# Blood Gushed Out After Injection?



## JOHNJESSICA2008 (Apr 3, 2008)

Today i did my test shot in quad 3/4 the way up from knee 1'' to 2''inchs to right from center. i used a 1.5 23 gauge pin but im skinny so only put 3/4 way in,i aspirated nothing but bubbles,injected real slow then pulled out real quik. Soon as i pulled out some really dark blood squirted out but not much. Did i hit vein or does that  happen some times? I usually pull out slow but this timed i tryed fast..Any info would be great. Just lil worried.


----------



## KelJu (Apr 3, 2008)

It happens. I have had blood along with all the gear I injected squirt out of my arm. You might have nicked a vein. Always pull back slowly on the syringe plunger to make sure you aren't in a vein. 

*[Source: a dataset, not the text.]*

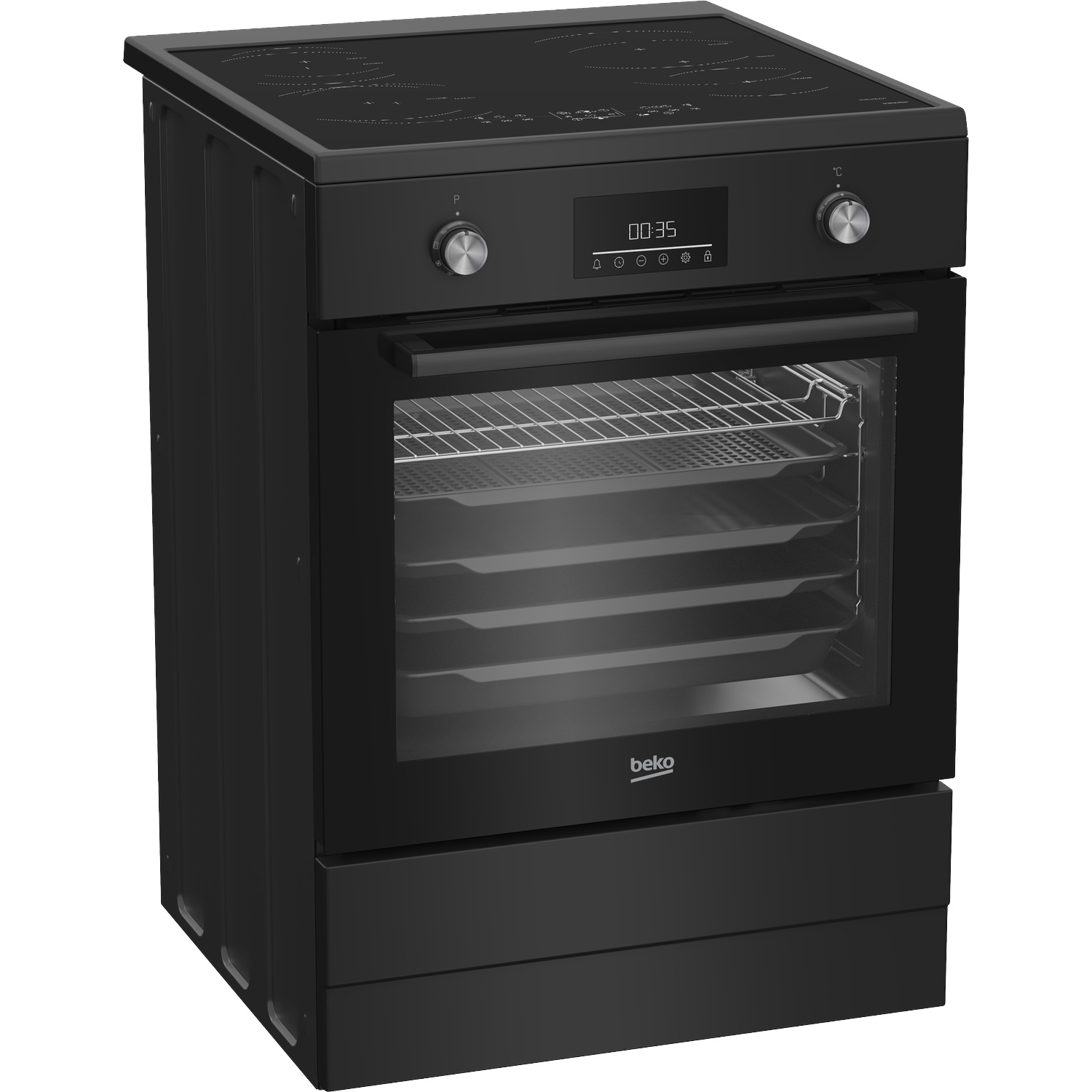 Black Beko oven with glass door, interior rack, and digital display. Induction hob top.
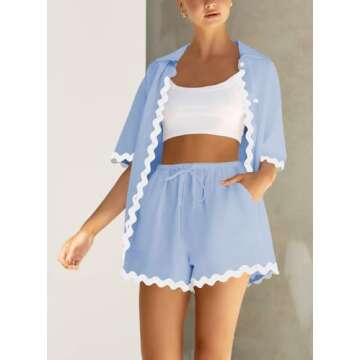 ARTFREE Women's 2 Piece Pajama Sets Short Sleeve Button Down Shirts and Shorts Outfit Sets Summer Be...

Keep a check on the injection site to make sure no infection sets in. The odds a slim that infection will occur, but its better to be safe. Other than that, I wouldn't worry about it.


----------



## JOHNJESSICA2008 (Apr 3, 2008)

Thanks, i hope  no problem...no blood was in needle as usual jus squirted out then i took swab an held for second and it stopped . Only thing is i got  a head ache 2 minutes after that and its been an hour..lol


----------



## Pirate! (Apr 3, 2008)

It happens. Try injecting another few inches laterally.


----------



## JOHNJESSICA2008 (Apr 4, 2008)

Thanks pirate, everyone on here really trusts your advice so i will too.You said couple inchs laterally.does that mean 4inchs from top dead center..im confused. With all my shots i keep over thinkn it (hope i hit muscle,wonder if i hit in th seperation an not in ,did i go deep enough to deep.With your knowledge were do u think would be the best spot or me to hit with no worrys.remember im real skinny 174 pounds now..like the angle exactly were in inchs ect. my leg has a long ways bruise were injected last size of quarter.Any advice taken thanks.


----------



## Pirate! (Apr 4, 2008)

You should come at an angle, from the side of the quad. Not the side of your leg, but the outside of the quad muscle.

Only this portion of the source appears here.